ECB rate cuts should factor in balance sheet runoff, Cipollone says

FRANKFURT (Reuters) – European Central Bank interest rate cuts should compensate for the tightening impact of the bank’s balance sheet runoff, board member Piero Cipollone said on Tuesday, hinting that borrowing costs may need to go lower than some think.

The ECB plans to let hundreds of billions if not trillions of euros worth of debt expire in the coming years and just in 2025 around 500 billion euros ($522 billion) worth of bonds, mostly government debt, are set to mature as part of a long-agreed normalisation process.

This gradual reduction of bond holdings, also called quantitative tightening, agreed when inflation was far too high, is now working counter to the ECB’s aim of easing borrowing costs for an economy that has been broadly stagnant for two years now.

“While our rate cuts exert downward pressure primarily at the short end of the yield curve, our quantitative tightening exerts upward pressure on long-term maturities,” Cipollone said at an event with media outlet MNI.

“This serves to tighten financial conditions.”

“To strike the right balance, we should ensure that our rate decisions adequately compensate for the tightening induced by the reduction of our balance sheet.”

The argument would suggest that Cipollone may favour continued rate cuts as the balance sheet runoff could still continue for years, exerting upward pressure on long term borrowing costs.

Markets now see another three rate cuts this year, taking the benchmark deposit rate to 2%, the likely bottom of the current easing cycle.

At its peak in early 2022, the bank’s oversized holding of bonds lowered ten-year sovereign bond yields by around 175 basis points but that impact is now down to around 75 bps and falling, Cipollone said.

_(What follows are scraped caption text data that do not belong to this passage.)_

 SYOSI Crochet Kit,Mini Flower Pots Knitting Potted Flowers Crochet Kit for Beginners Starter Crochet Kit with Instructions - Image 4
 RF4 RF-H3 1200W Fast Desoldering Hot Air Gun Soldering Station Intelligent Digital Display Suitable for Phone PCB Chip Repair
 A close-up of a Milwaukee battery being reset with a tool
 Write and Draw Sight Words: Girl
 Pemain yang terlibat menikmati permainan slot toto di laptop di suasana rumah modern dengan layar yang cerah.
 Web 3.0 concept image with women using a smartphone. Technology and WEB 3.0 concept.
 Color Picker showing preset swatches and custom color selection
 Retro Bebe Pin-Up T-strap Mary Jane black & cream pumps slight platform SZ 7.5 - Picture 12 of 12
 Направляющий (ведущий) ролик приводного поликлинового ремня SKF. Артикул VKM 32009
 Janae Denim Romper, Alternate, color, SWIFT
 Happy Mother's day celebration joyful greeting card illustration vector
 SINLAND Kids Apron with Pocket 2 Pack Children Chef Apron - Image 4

Cipollone declined to give an optimal size for the bank’s balance sheet and said this depended in great deal on commercial banks’ liquidity demands.

The ECB is still sitting on about 4.2 trillion euros worth of bonds purchased for monetary policy purposes.

“The further decline in our balance sheet must remain on a gradual and predictable path to avoid financial amplification effects,” Cipollone said.